Public peering is normally a workload-domain concern, not management. The management domain’s Edge uplinks peer with the internal ToR fabric for management routing — not a public network. Public / upstream / DMZ peering (internet-facing or published routes) normally lives on the workload-domain edges, where tenant workloads need external reachability. It applies to the management domain only if your design deliberately routes a published service through the mgmt edges. In multi-AZ, whichever domain hosts the public peering must survive an AZ loss the same way: stretched under Centralized or per-AZ under Distributed, with the surviving AZ advertising the public prefixes and the failed AZ withdrawing them.
E. Storage policy & capacity
| Item | Setting / implication |
|---|---|
| Site disaster tolerance | Dual site mirroring (data copy in each AZ) = PFTT 1 |
| Local protection (per site) | SFTT — RAID-1 FTT=1, or RAID-5/6 if host count allows |
| Raw capacity | ~2× usable (full copy per AZ) + local FTT overhead |
| Host count | Even, matched per AZ; enough per AZ to satisfy the local RAID rule |
| Witness capacity | Metadata only — no usable capacity contribution |
Worked example: 20 TB usable with dual-site mirror + local RAID-1 (FTT=1) needs ~20 TB in each AZ before local mirroring, then local FTT roughly doubles that again per AZ. Size hosts for this up front — it is the #1 stretched surprise. Confirm against the Management Domain Sizing sheet.
F. DNS / NTP additions
On top of the records in 01-network-dns-plan.md:
- A + PTR for the witness appliance (
sfo-wit01.sfo.example.io) - AZ2 hosts have A + PTR in their AZ2 subnets
- NTP reachable from all three sites (AZ1, AZ2, witness)
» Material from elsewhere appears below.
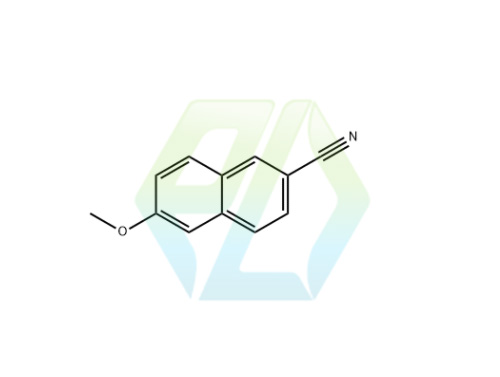 Naproxen Nitrile Impurity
- Prefer independent time sources per site (different fault domains — see
prerequisites.md) - DNS resolvers reachable from the witness site
G. Ownership matrix
| Area | Owner | Sign-off |
|---|---|---|
| Inter-AZ RTT/bandwidth (C) | Network | |
| AZ↔witness RTT + witness placement (B) | Network + Architect | |
| Stretched vs per-AZ subnets (D) | Network | |
| North-south egress / BGP failover (D) | Network | |
| Storage policy + per-AZ capacity (E) | Storage + Architect | |
| Witness OVA download + deploy (B) | Platform | |
| DNS/NTP for AZ2 + witness (F) | AD/DNS/NTP |
Sign-off
Once A–G are filled and signed by the owners above, feed the results back into the single-AZ planning docs:
- AZ2 + witness subnets → the VLAN/subnet table in
01-network-dns-plan.md - Witness + AZ2 host FQDNs → the DNS section of
01-network-dns-plan.md - Stretched answer + host counts → intake
A13/A14in02-intake.md
Then continue with the normal workbook fill. A stretched build that clears this page will not surprise you at bring-up.